By Dan Friedman / NEW YORK DAILY NEWS WASHINGTON BUREAU
Saturday, February 1, 2014, 5:51 AM
WASHINGTON — In a major shift, President Obama on Friday opened the door to a potential election-year compromise on the contentious issue of immigration reform.
Obama said for the first time that he might accept a deal that would offer the 11 million undocumented immigrants in the U.S. legal status instead of full citizenship.
House Speaker John Boehner (R-Ohio) and other Republican leaders had floated just such a proposal on Thursday.
Until now, Obama and other Democrats insisted that any compromise on immigration reform contain a path to full citizenship.
Anything short of that, they said, would create a two-tiered class system.
But in an interview with CNN’s Jake Tapper, Obama indicated a new flexibility.

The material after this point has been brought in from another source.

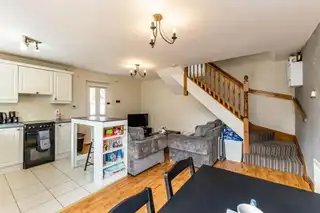 12 Beresford HillImage 6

“If the speaker proposes something that says right away, folks aren’t being deported, families aren’t being separated, we’re able to attract top young students to provide the skills or start businesses here, and then there’s a regular process of citizenship, I’m not sure how wide the divide ends up being,” Obama said.
In a Google Plus Hangout talk on Friday, Obama added, “I’m going to do everything I can in the coming months to see if we can get this over the finish line."
The two parties have been trying to strike a deal on immigration reform for 30 years with little success.
Conservatives adamantly oppose any path to citizenship for the undocumented, arguing it would reward people who have broken immigration laws. But Boehner and some other top Republicans believe a compromise can improve the GOP’s image with Latino voters and satisfy business interests that are clamoring for reform.
And the President is eager to secure a major legislative achievement on an issue that is critical to a major portion of the Democratic Party’s base.
A bill passed in 2013 by a coalition of senators created an expedited path to citizenship for the undocumented, but it stalled in the House.
In the CNN interview, Obama said that once undocumented immigrants gained legal status, they could then seek full citizenship through the regular application process.
“The principle that we don’t want two classes of people in America is a principle that a lot of people agree with — not just me and not just Democrats,” he said.
The proposal issued by Boehner is silent on whether those who obtain legal status could apply for citizenship.
But it would not preclude millions from trying to obtain permanent legal residence, often known as a green card, through sponsorship by an employer or adult child. Those individuals they could later seek citizenship.
“You could say there is no special path (to citizenship) under what Republicans are talking about,” said one Democratic aide tracking the issue. “But is still some kind of path.”
Although Obama and Boehner seemed to be finding common ground, a wild card remains conservatives in the House. Some are questioning the strategy of pushing a contentious issue that angers conservative Republican voters.